Indeed, the task data are incomplete or at least formulated tacitly -- depends on the context of your project. The design uses short channel MOSFETs (lenth < 2u), but if you absolutely need to attempt this task, you can start and replace transistors with the simplest MOSFET model (longchannel and without channel length modulation) as a voltage controlled current source (similar to technique used in an answer to this question)
I_DS = 0 V_GS < V_Thresh
I_DS = beta·(V_GS – V_Thresh – V_DS/2)·V_DS V_GS > V_Thresh , V_DS < V_DSAT
I_DS = (beta/2)·(V_GS – V_Thresh )^2 V_GS > V_Thresh , V_DS > VDSAT
V_DSAT = V_GS – V_Thresh
For pMOS, change signs to accommodate device polarity.
beta = u0 (carrier mobility) * Cox (oxide capacitance) * W/L
You can find V_Thresh, u0, and Cox parameter values in reference documents, e.g. Star-HSpice Manual.

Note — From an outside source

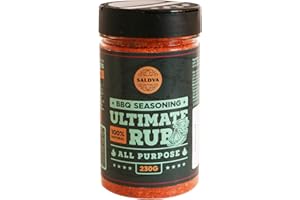 Ultimate Rub BBQ Rub - Assaisonnement tout usage – 100% naturel et universel – Mélange d'épices savoureux pour le bœuf, le porc, la volaille, les légumes – Grand pot 230g…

Typical V_Thresh are 0.45V for nMOS and 1V for pMOS; the default u0 are 2.0718e-5 (NMOS) and 8.632e-6 (PMOS), Cox about 0.00035 Farade/square meter.
If you succeed in this undoubtedly useful exercise, you can further attempt more advanced transistor models.
A regular approach to analysis of electronic designs is the use of simulators (SPICE/PSPICE/HSPICE, Cadence Spectre X simulator, Mentor AMS simulator, other high-end packages and numerous free tools).